**Work instruction:** Find the line with "Ford Mondeo — миниатюра 10" in the data below. Repeat it and every line after it up to the end, exactly, but drop the pictures.

**Data block:**
* * *
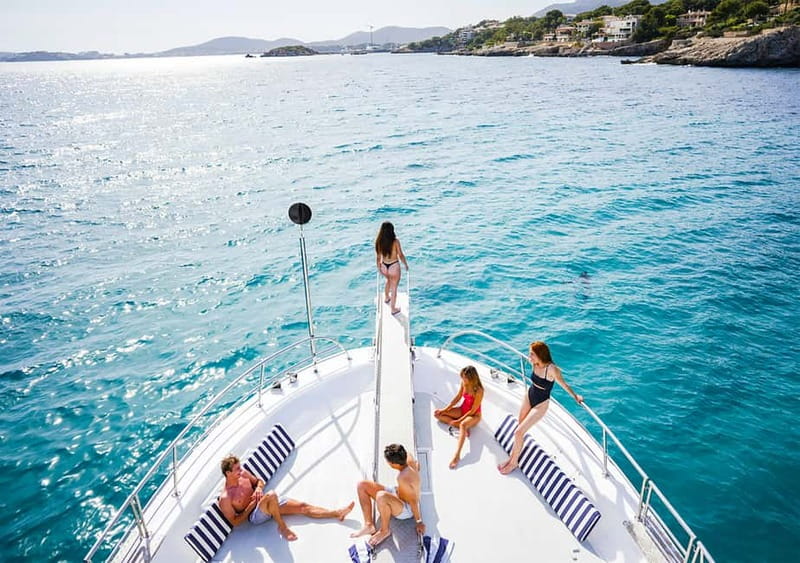Mallorca: Palma Boat Tour & Snorkeling with Drink Included - The 40-minute ride across Palma Bay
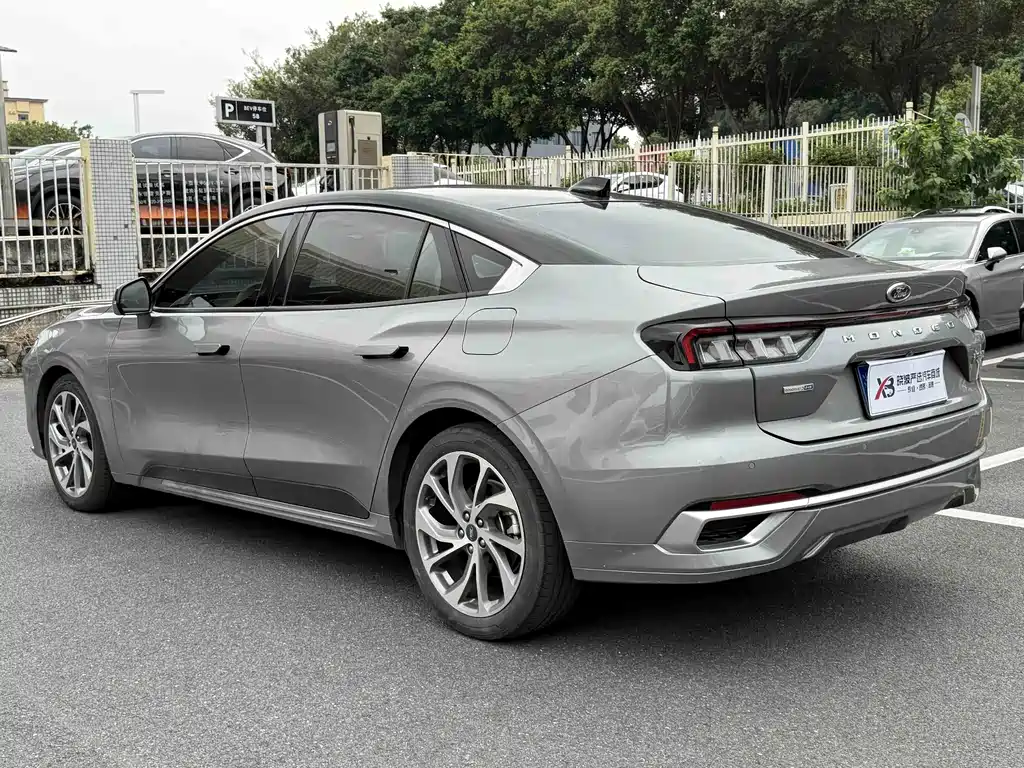 Ford Mondeo — миниатюра 10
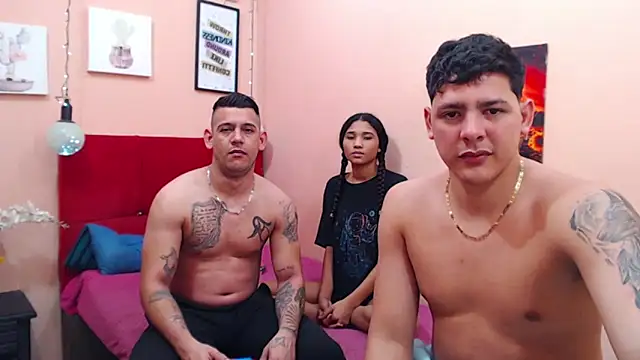 Snapshot of destroys_girls chatting on February 4, 4:48 am destroys girls online show from February 4, 4:48 am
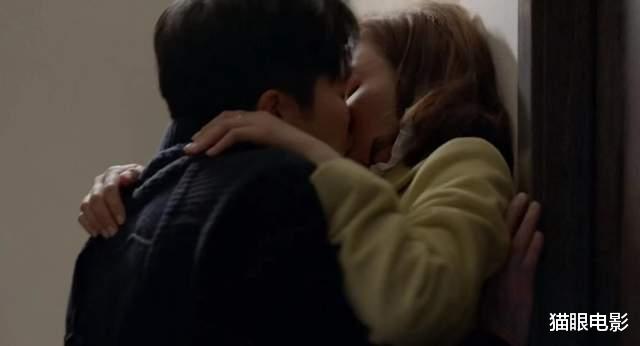 杨怡|张智霖杨怡吻戏转了8圈，互相拉扯不停转圈，网友：我看都看晕了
* * *
**Output for this task:**
 Ford Mondeo — миниатюра 10
 Snapshot of destroys_girls chatting on February 4, 4:48 am destroys girls online show from February 4, 4:48 am
 杨怡|张智霖杨怡吻戏转了8圈，互相拉扯不停转圈，网友：我看都看晕了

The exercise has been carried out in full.